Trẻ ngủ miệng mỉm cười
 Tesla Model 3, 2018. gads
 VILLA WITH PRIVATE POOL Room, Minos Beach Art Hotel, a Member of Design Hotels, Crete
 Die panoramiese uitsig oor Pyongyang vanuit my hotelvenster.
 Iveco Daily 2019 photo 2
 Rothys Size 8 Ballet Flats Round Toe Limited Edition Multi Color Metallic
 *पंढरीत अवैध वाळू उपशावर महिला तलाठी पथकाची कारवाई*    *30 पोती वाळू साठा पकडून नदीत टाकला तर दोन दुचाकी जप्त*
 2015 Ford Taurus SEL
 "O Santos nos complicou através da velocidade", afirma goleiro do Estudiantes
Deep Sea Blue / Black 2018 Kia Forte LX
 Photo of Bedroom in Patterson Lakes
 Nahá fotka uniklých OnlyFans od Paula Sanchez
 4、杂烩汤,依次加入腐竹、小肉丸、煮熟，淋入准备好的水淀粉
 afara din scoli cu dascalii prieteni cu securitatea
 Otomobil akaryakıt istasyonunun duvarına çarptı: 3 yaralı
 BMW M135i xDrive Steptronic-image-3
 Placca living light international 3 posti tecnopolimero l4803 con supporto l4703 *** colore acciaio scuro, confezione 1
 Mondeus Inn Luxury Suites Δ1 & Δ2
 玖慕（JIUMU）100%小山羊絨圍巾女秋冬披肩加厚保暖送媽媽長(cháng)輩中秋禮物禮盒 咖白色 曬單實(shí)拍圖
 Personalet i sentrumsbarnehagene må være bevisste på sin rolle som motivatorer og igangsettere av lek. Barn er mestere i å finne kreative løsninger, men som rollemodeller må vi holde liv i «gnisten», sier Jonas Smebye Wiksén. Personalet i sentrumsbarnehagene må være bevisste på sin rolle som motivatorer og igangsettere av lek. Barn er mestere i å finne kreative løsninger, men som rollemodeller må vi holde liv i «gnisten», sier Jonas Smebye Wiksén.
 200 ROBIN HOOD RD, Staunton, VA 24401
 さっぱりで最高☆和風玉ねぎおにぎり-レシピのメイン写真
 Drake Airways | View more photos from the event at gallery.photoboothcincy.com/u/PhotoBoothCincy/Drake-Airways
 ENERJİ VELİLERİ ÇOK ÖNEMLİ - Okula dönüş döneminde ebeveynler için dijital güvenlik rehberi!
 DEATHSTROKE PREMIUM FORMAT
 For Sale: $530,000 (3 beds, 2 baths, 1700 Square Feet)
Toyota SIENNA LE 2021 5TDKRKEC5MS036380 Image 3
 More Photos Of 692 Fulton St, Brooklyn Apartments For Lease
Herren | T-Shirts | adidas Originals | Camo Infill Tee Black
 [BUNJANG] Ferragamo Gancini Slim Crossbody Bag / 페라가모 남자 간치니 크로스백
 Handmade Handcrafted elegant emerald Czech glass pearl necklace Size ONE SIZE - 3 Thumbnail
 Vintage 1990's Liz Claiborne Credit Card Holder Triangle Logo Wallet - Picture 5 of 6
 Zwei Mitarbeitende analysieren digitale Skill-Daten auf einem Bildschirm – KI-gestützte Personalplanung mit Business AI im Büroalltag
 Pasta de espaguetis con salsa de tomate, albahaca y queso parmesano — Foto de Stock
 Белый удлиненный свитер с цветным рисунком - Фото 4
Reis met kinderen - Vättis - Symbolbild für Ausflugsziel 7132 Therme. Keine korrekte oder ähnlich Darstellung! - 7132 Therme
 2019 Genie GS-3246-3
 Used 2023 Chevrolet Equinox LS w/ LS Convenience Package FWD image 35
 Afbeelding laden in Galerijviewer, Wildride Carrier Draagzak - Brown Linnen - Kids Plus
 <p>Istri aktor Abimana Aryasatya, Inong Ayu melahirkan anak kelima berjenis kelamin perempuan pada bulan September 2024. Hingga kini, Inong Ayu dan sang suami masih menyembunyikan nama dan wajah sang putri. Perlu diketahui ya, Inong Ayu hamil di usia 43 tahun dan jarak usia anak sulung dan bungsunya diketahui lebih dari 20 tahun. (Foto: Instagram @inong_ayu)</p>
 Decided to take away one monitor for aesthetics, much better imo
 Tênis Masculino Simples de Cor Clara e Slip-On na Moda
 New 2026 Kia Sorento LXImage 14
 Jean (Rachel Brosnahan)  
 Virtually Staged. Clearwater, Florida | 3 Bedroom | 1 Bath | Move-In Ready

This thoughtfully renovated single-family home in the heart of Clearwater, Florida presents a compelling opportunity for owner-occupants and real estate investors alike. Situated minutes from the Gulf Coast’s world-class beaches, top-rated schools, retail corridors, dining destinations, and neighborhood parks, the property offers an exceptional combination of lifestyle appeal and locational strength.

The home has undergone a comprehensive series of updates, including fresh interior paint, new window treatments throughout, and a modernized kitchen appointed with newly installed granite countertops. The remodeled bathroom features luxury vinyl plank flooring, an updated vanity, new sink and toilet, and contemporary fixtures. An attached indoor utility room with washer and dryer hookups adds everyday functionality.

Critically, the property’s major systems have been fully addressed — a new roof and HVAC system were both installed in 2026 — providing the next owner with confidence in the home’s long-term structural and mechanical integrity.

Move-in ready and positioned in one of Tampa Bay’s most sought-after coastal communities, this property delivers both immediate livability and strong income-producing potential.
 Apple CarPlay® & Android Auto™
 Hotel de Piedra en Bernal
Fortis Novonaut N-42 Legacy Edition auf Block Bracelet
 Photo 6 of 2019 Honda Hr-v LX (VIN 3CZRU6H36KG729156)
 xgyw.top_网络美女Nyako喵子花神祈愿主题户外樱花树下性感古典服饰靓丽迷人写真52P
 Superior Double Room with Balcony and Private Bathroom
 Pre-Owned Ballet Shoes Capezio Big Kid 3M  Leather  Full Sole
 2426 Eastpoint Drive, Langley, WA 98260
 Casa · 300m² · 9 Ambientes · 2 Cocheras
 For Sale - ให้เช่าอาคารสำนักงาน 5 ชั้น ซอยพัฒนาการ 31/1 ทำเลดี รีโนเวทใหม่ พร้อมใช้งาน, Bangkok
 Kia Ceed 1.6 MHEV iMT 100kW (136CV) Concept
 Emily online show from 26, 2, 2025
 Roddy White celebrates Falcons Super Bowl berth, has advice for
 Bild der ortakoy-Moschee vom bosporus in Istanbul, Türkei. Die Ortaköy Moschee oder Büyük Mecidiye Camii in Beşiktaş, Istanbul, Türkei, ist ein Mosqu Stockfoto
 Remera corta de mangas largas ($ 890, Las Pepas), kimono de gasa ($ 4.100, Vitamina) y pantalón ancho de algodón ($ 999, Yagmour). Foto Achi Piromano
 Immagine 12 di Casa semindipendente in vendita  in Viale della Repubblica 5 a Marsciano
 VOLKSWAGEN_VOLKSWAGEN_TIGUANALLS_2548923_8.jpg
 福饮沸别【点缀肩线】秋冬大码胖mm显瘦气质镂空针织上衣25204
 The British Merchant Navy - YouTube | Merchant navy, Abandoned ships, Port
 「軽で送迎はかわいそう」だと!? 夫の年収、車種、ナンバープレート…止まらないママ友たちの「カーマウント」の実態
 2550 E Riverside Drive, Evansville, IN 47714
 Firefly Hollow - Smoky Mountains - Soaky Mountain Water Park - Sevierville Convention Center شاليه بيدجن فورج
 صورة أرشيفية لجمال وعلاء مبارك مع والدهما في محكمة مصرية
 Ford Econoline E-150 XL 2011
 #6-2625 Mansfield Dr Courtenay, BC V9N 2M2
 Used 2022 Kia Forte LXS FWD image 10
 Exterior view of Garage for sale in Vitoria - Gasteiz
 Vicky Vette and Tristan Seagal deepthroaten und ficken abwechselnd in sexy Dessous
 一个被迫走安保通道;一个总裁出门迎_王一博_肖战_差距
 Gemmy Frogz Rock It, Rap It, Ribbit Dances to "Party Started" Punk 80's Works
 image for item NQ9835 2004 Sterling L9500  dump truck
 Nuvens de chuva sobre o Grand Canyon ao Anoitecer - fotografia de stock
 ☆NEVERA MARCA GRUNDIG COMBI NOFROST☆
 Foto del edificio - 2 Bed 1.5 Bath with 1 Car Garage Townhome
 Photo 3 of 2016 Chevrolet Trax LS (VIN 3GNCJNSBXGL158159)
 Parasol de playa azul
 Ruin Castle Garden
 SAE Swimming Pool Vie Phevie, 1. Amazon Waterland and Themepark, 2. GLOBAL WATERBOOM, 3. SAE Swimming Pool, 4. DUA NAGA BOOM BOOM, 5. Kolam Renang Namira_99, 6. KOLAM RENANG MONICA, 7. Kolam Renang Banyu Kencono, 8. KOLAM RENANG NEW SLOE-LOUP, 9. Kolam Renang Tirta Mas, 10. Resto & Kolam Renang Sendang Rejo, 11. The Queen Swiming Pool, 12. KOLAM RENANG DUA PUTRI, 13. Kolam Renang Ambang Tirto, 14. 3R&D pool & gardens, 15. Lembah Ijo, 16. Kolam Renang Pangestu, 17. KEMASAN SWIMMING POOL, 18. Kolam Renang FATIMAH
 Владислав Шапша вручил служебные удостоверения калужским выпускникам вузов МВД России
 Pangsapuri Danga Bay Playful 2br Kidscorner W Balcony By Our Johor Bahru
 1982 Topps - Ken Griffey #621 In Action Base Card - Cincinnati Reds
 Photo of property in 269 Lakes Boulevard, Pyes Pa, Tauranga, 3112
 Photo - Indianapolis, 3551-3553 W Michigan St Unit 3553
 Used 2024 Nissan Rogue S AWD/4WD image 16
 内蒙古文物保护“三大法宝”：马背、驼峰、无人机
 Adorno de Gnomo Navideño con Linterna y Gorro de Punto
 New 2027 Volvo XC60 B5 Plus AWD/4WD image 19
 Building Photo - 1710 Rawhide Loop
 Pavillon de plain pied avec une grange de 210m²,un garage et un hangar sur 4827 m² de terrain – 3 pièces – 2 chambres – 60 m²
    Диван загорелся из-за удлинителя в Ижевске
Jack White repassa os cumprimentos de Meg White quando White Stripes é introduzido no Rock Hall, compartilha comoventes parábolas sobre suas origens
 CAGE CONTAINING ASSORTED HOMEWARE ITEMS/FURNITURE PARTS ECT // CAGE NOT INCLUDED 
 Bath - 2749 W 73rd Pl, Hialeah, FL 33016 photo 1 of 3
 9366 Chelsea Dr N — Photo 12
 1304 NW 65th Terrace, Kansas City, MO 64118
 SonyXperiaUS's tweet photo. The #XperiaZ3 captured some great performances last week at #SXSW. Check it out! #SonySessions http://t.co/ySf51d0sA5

= = = = =

EXERCISE PROMPT.
In the material above, find every line that has the string "from" and pull those lines out.

SOLUTION TO THIS PROBLEM.
 Drake Airways | View more photos from the event at gallery.photoboothcincy.com/u/PhotoBoothCincy/Drake-Airways
This thoughtfully renovated single-family home in the heart of Clearwater, Florida presents a compelling opportunity for owner-occupants and real estate investors alike. Situated minutes from the Gulf Coast’s world-class beaches, top-rated schools, retail corridors, dining destinations, and neighborhood parks, the property offers an exceptional combination of lifestyle appeal and locational strength.
 Emily online show from 26, 2, 2025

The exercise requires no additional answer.